Building Bot. Part One: Scrapping website

Now you often hear about bots and that this is future, so I decided to check it out and try to build a Telegram Bot. I’m going to make a bot which could find me a recipe from given product list. For example, those which I have in my fridge.

First of all, I was need to find a good database with recipes and if wasn’t hard because I decided just to scrap it from one of my favourite websites eda.ru 

To fill database it’s one-time task, so I decided to keep it simple, so if you’d just google ‘java website scrapper’ you quickly find the best option – JSoup library.

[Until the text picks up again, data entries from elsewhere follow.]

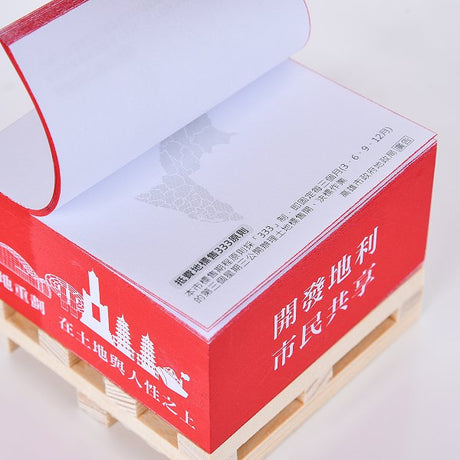 方型紙磚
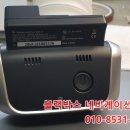 수리수리CAR수리 이미지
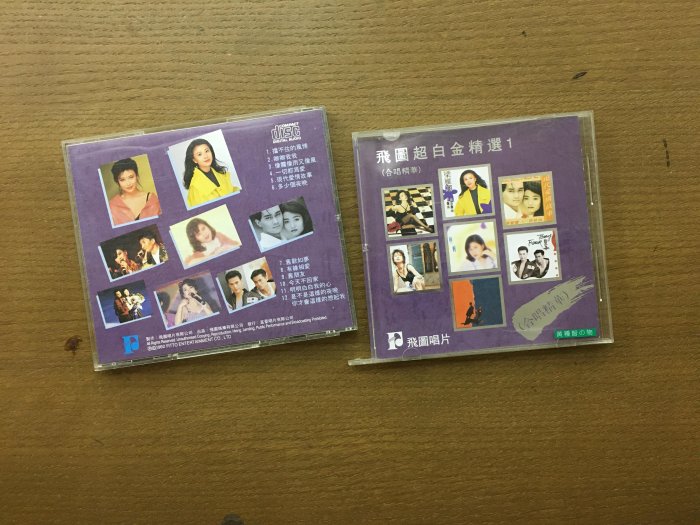 【午夜點唱機 CD 】合輯-飛圖超白金精選1/二手CD銅板起標1111/12 | Yahoo拍賣
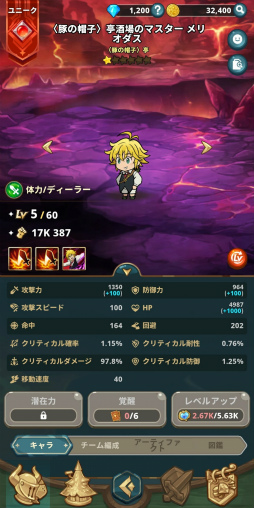 ���������꡼ No.002�Υ���ͥ������ / �Υץ쥤��ݡϤ��ӥ���餬�İ��������奢��RPG�ּ��Ĥ���� ��ȥ륯���˥���ס���¤˺Ƹ����줿TV���˥���������ñ������ڤ˳ڤ��⤦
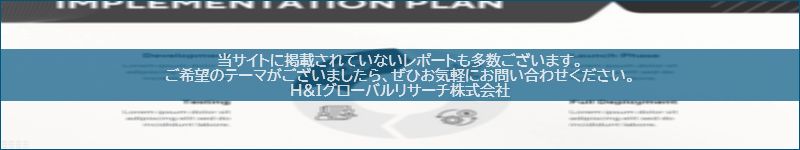 市場調査レポートのイメージwww.globalresearchdata.jpサイト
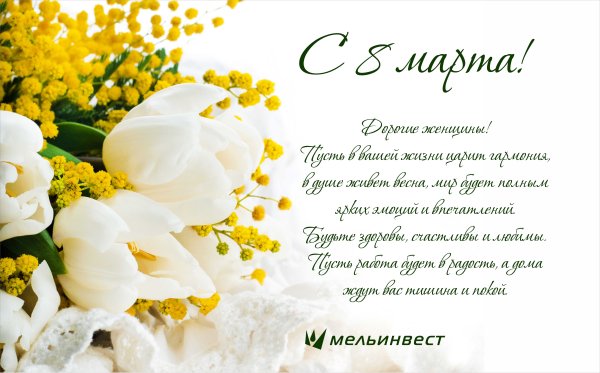 Поздравление с 8 марта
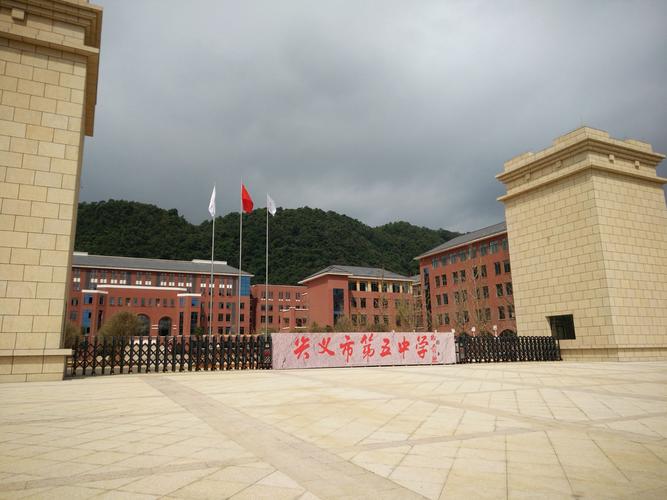 2018年一一兴义五中的前世今生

Jsoup is quite simple and lets you use standard CSS selectors to navigate through the DOM, so you are free to use #id, .class and all other selectors.

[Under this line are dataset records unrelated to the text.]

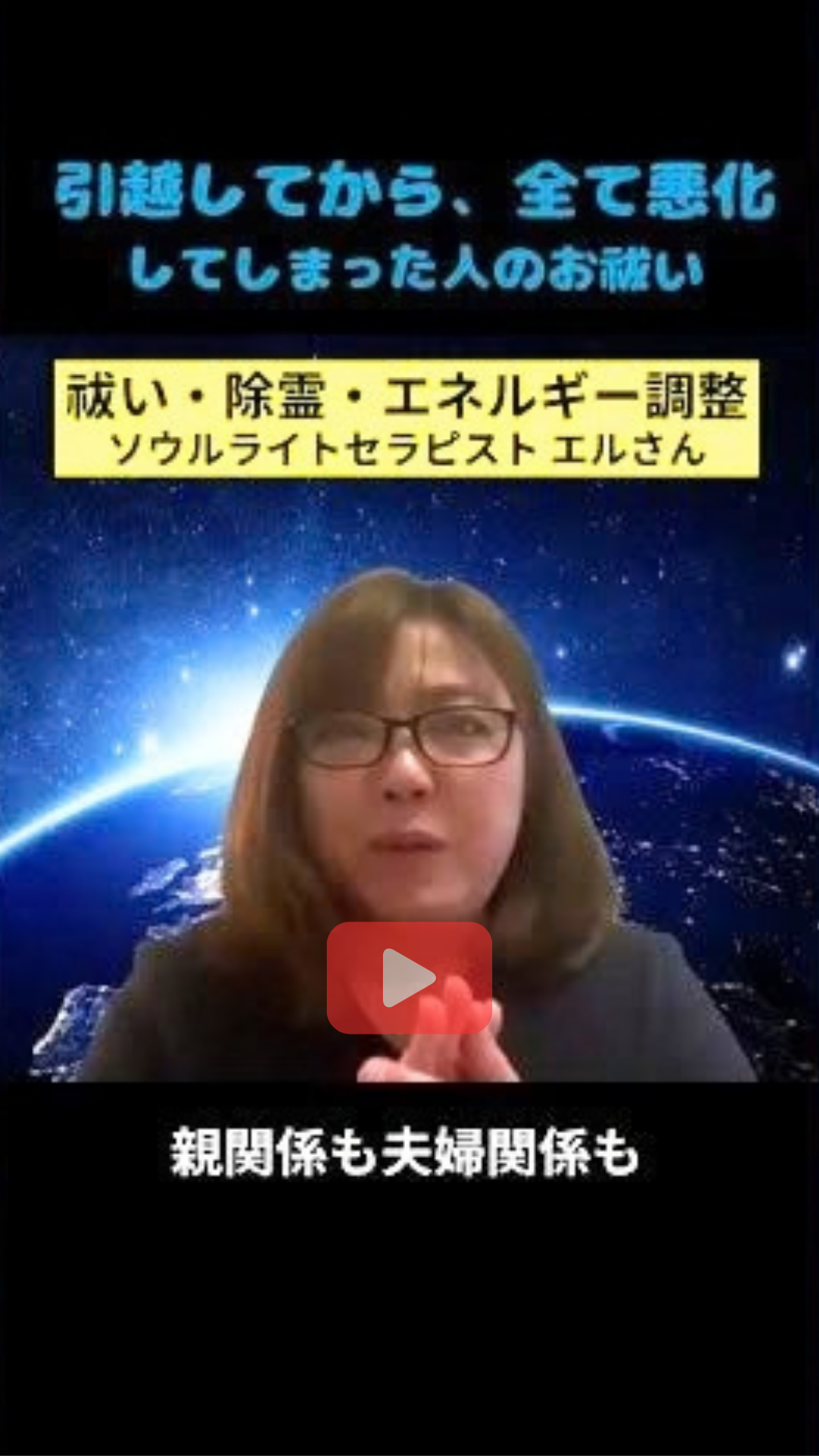 土地・家の浄化 紹介動画
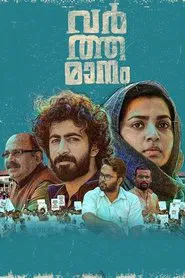 Varthamanam movie poster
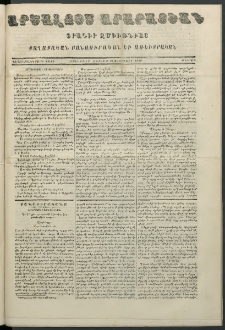 Արշալոյս Արարատեան, 1856, Վեշտասաներորդ տարի, թիւ 513 (10 Փետրվարի)
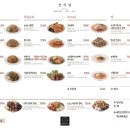 선식당 이미지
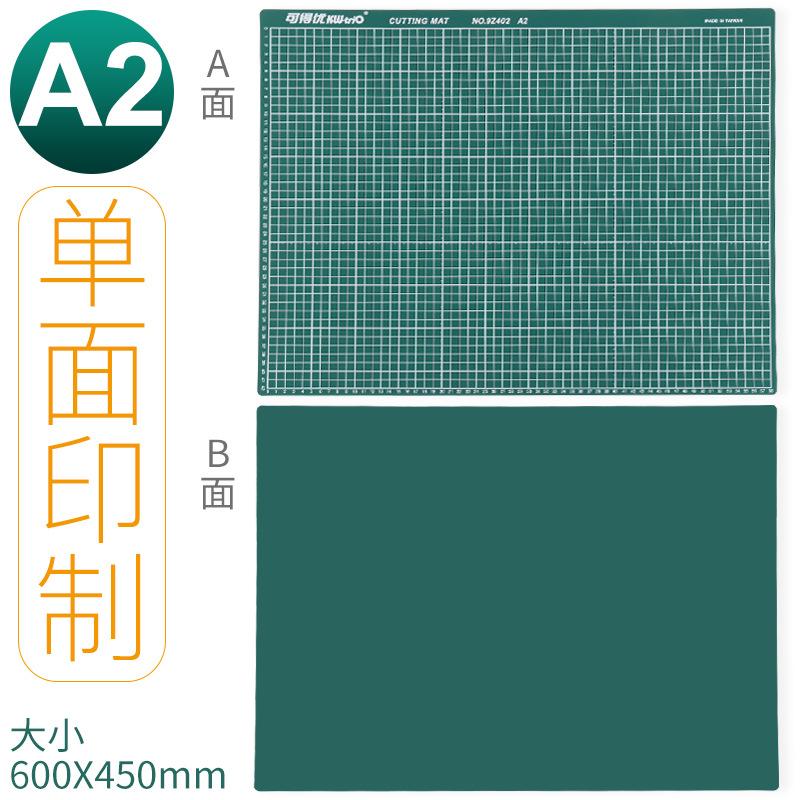 A4 A3 A2 A1 Doppelseitige Schneidematte, Schneideunterlage, Werkzeugplatte, Rasterplatte PVC-Schneidematte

First of all, we need to implement models to structure data.

I have three entities: Recipe which has an array of Ingredients and array of Directions (Steps to cook a dish). I made really simple POJOs, which I won’t describe here.

Then we need to figure out the website structure. In my case it not so complex. They have /recipe/page{N} and 20 recipe headers on each page. As we get 20 links from each recipe, we should follow it and parse entire recipe.

int page = 1;
while(true) {
    Thread.sleep(2000);
    Document doc = Jsoup.connect("http://eda.ru/recepty/page"+page).get();
    Elements links = doc.select(".b-recipe-widget__name a[href]");
    for (Element link : links) {
        List<String> urls = new LinkedList<>();
        urls.add(link.attr("href"));
        Observable<String> recipeUri = Observable.from(urls);
        recipeUri.subscribe(new GrabAction());
    }
    page++;
}

Here we have infinite loop though pages (I just let it break after reaching the last page) and it takes URLs of recipe pages using .b-recipe-widget__name a[href] selector, which means that we take href attribute from the link placed in the element with class .b-recipe-widget__name. Then it makes rx.Observable and subscribes to it with GrabAction which parses all information. GrabAction implements rx.functions.Action1<String> because it takes only one argument URL, obviously, and parses the page.

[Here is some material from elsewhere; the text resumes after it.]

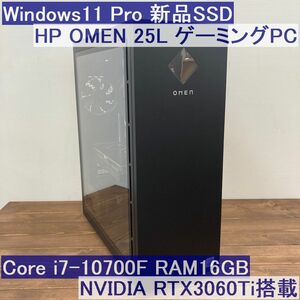 ●ゲーミングPC●HP Win11Pro OMEN 25L i7-10700F 16GB RTX3060Ti搭載 新品SSD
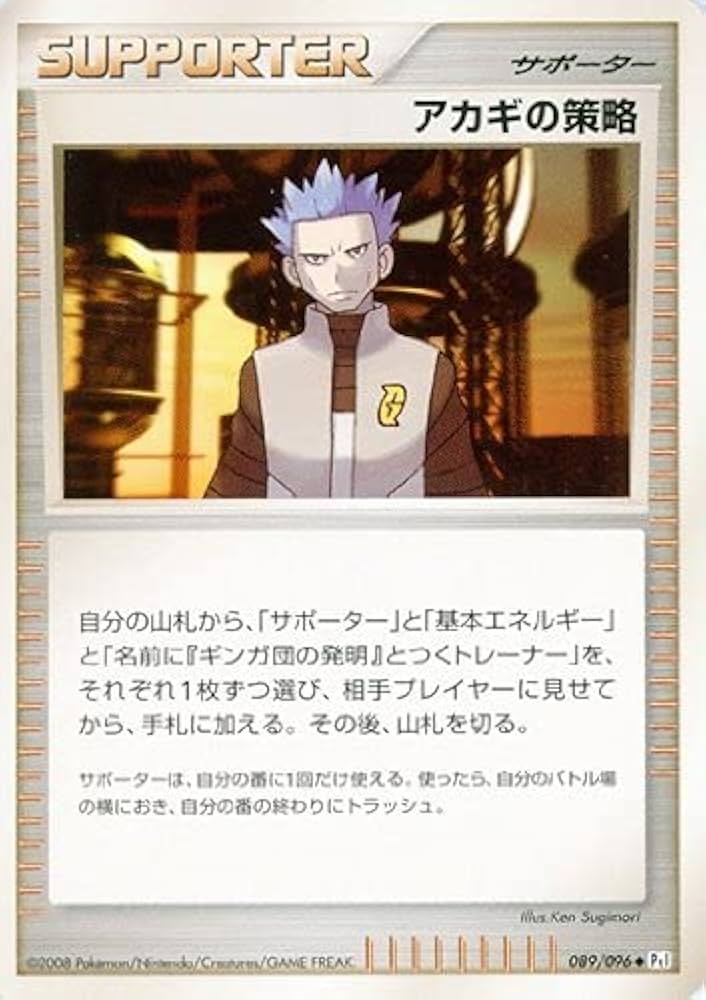 ポケモンカードゲーム アカギの策略　初版　089 Amazon.co.jp: アカギの策略 ポケモンカード トレーナーカード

class GrabAction implements Action1<String>{

  @Override
  public void call(String s) {
    Document doc = Jsoup.connect("http://eda.ru"+s).get();
    Recipe recipe = new Recipe();
    doc.select("h1").first().text();
    recipe.setName( doc.select("h1").first().text());
    List<Ingredient> ingredients = new ArrayList<>();
    Elements ingr = doc.select("tr.ingredient");

    for(Element i: ingr){
      String val = i.select("td .name").text();
      String q = i.select("td .amount").text();
      ingredients.add(new Ingredient(val, q));
    }
    recipe.setIngredients(ingredients);
    MongoWriter.getInstance().writeOne(recipe);
  }
}

This is part of GrabAction which illustrates how to parse values from the website and store it to object.

I store it to Mongo and next time I’ll write about codecs which you use to serialize/deserialize object to BSON.